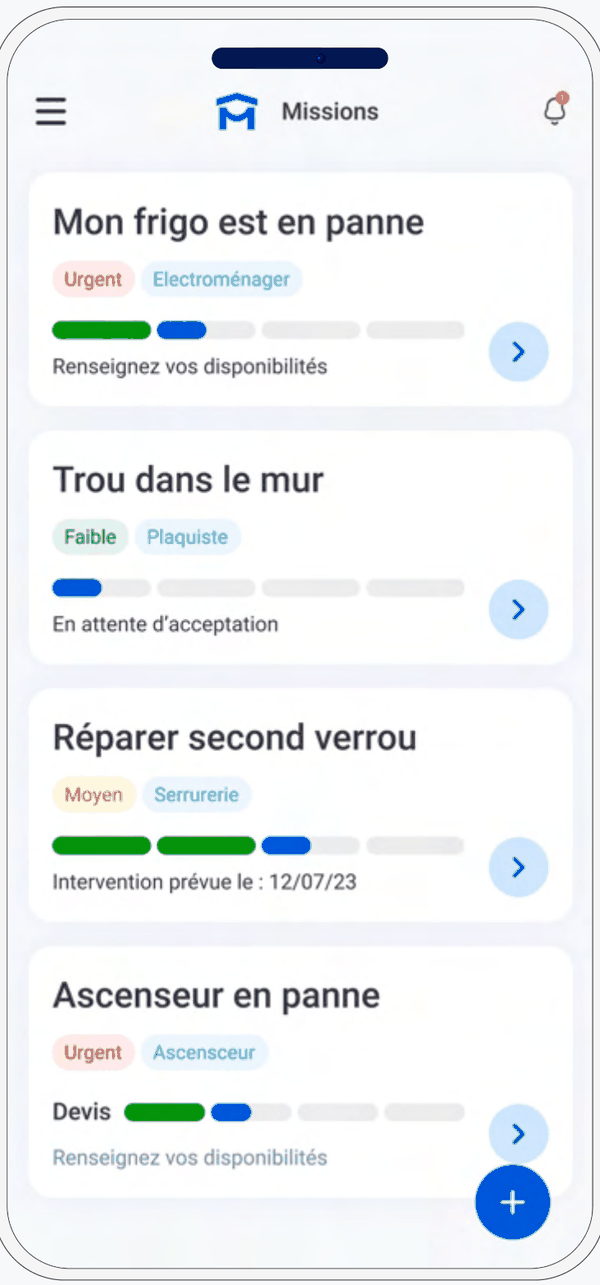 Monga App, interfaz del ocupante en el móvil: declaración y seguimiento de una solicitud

---

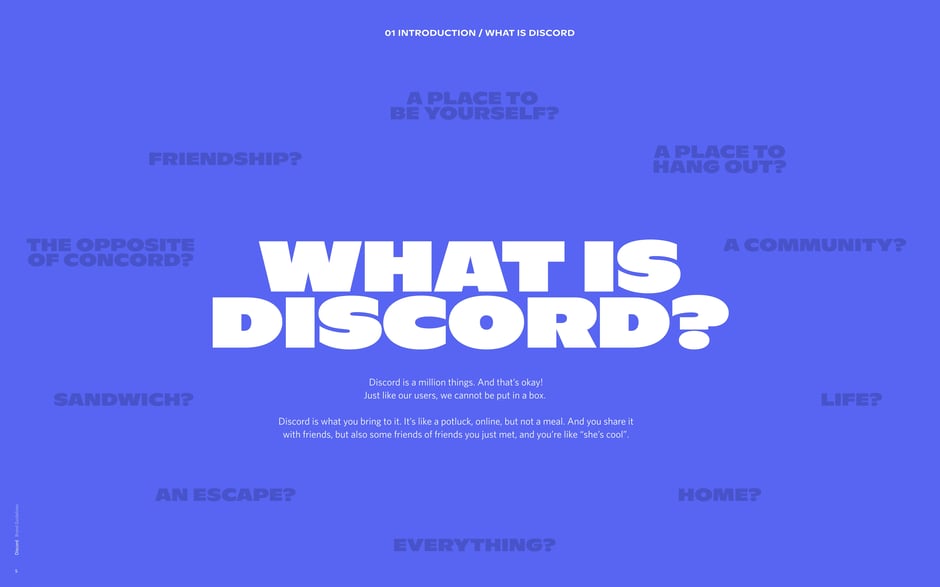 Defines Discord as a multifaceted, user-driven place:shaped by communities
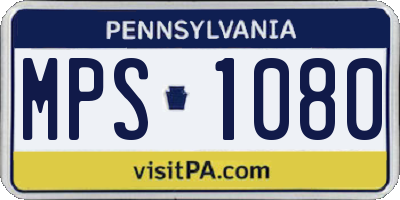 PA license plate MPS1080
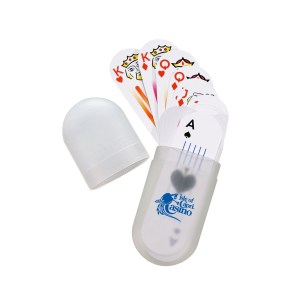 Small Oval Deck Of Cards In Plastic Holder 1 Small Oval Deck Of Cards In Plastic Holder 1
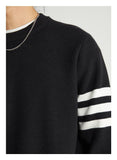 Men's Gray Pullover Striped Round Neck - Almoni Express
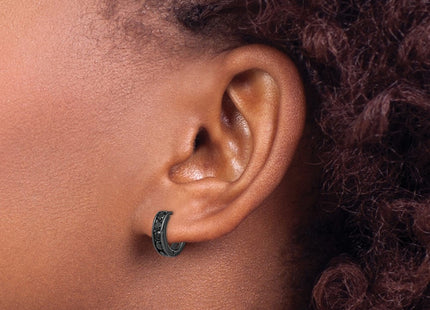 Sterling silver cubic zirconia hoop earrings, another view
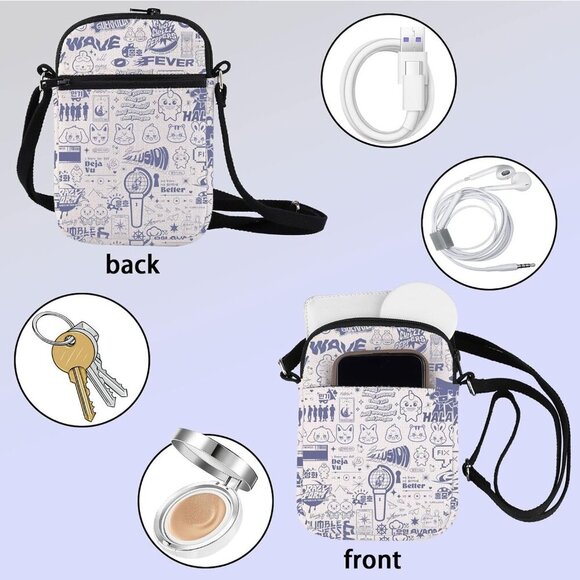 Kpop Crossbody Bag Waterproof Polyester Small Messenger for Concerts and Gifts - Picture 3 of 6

▶ What is expected:
Your task is to copy only the lines above starting at the one containing "Small Oval Deck Of Cards In Plastic Holder 1 Small" and ending at the one containing "Kpop Crossbody Bag". Copy them exactly, both ends included, and omit the pictures.

▶ Exercise output:
 Small Oval Deck Of Cards In Plastic Holder 1 Small Oval Deck Of Cards In Plastic Holder 1
 Men's Gray Pullover Striped Round Neck - Almoni Express
 Sterling silver cubic zirconia hoop earrings, another view
 Kpop Crossbody Bag Waterproof Polyester Small Messenger for Concerts and Gifts - Picture 3 of 6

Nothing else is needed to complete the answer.